COLLECTED DATA
───

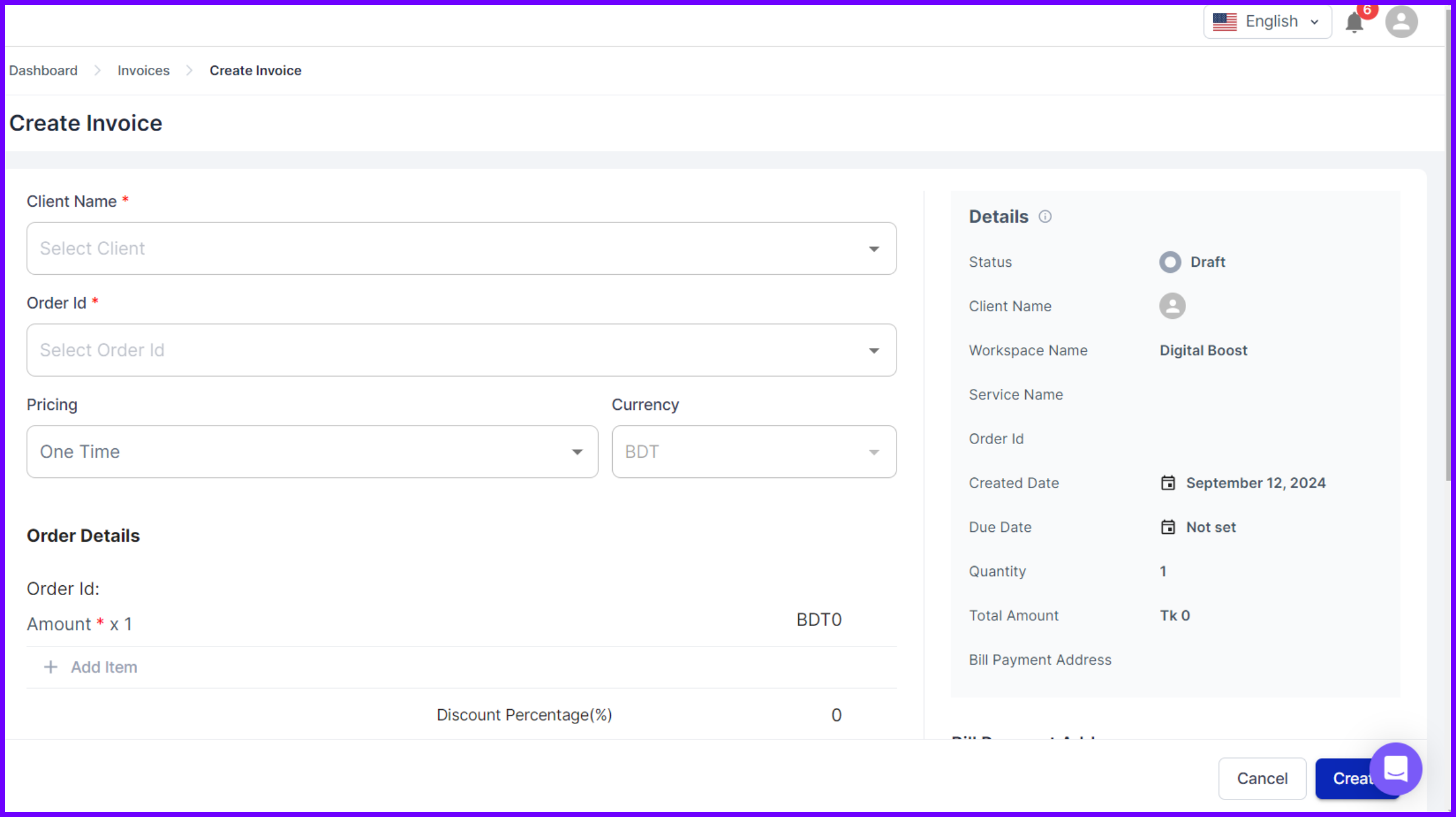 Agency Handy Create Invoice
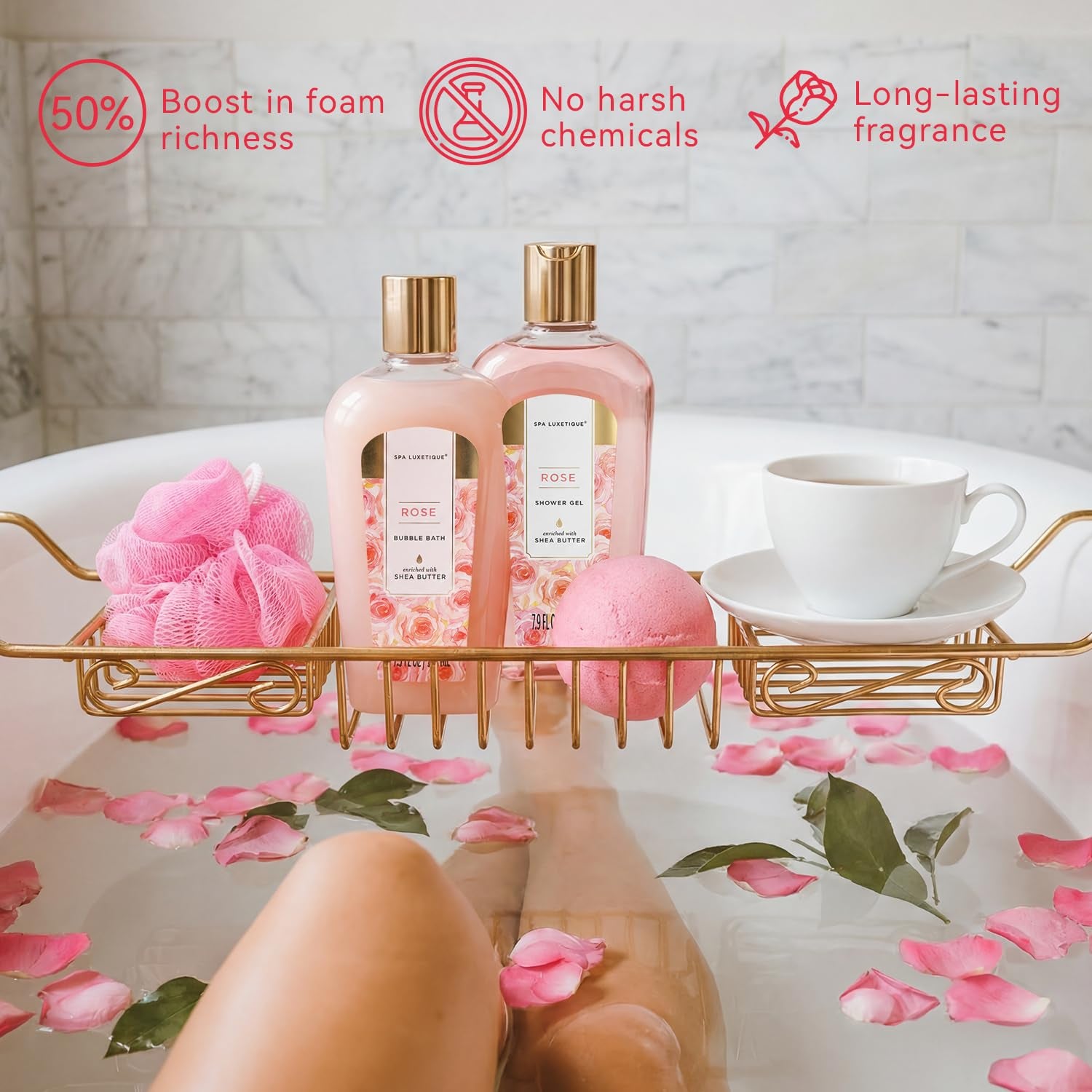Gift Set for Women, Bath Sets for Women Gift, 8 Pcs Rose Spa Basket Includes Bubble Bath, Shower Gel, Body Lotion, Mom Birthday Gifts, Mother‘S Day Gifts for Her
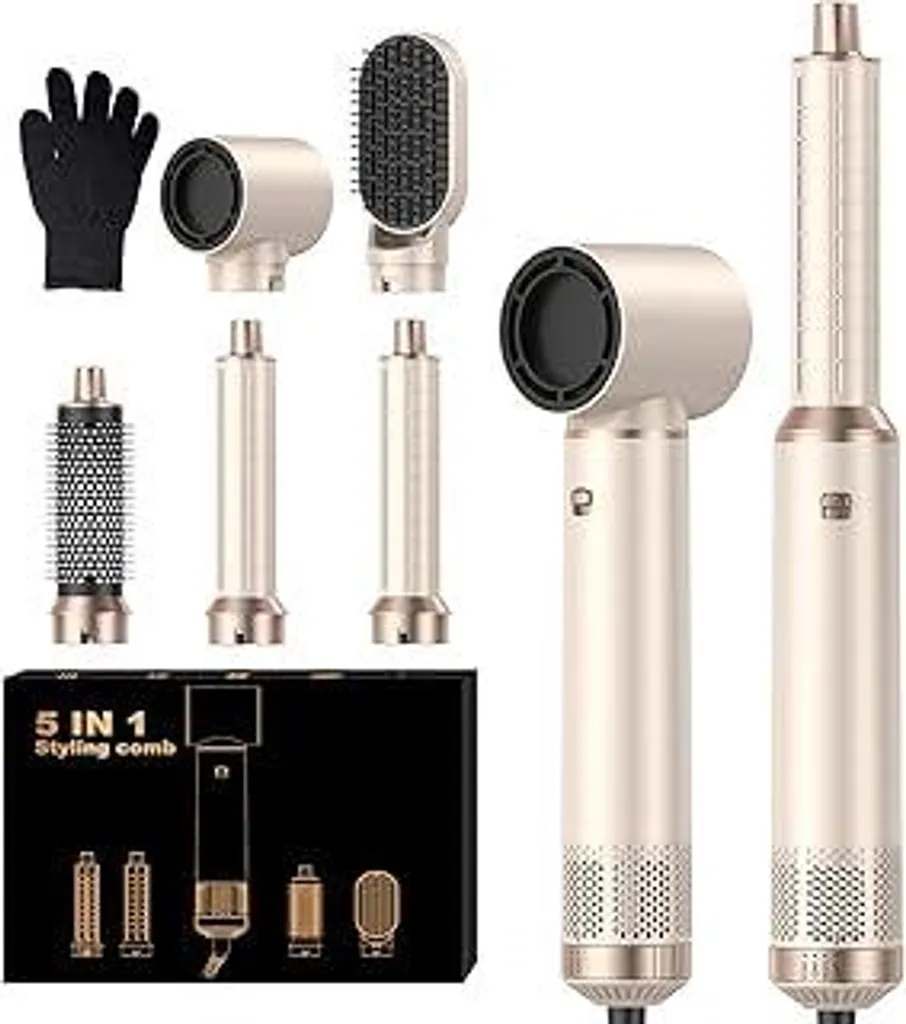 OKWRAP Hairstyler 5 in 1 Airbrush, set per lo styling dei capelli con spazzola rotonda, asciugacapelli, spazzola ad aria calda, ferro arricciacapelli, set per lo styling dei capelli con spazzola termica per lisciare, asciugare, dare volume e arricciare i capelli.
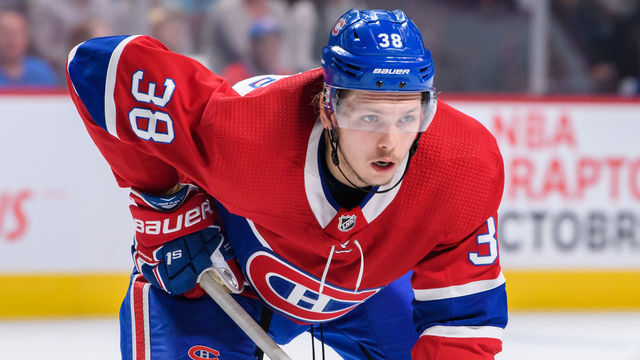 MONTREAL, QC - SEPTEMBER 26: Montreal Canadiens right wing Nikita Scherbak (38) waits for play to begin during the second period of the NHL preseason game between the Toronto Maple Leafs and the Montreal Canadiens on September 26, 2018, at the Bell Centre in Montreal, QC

───

ACTIVITY
Repeat the lines above exactly, and keep every picture out.

FINAL ANSWER
 Agency Handy Create Invoice
Gift Set for Women, Bath Sets for Women Gift, 8 Pcs Rose Spa Basket Includes Bubble Bath, Shower Gel, Body Lotion, Mom Birthday Gifts, Mother‘S Day Gifts for Her
 OKWRAP Hairstyler 5 in 1 Airbrush, set per lo styling dei capelli con spazzola rotonda, asciugacapelli, spazzola ad aria calda, ferro arricciacapelli, set per lo styling dei capelli con spazzola termica per lisciare, asciugare, dare volume e arricciare i capelli.
 MONTREAL, QC - SEPTEMBER 26: Montreal Canadiens right wing Nikita Scherbak (38) waits for play to begin during the second period of the NHL preseason game between the Toronto Maple Leafs and the Montreal Canadiens on September 26, 2018, at the Bell Centre in Montreal, QC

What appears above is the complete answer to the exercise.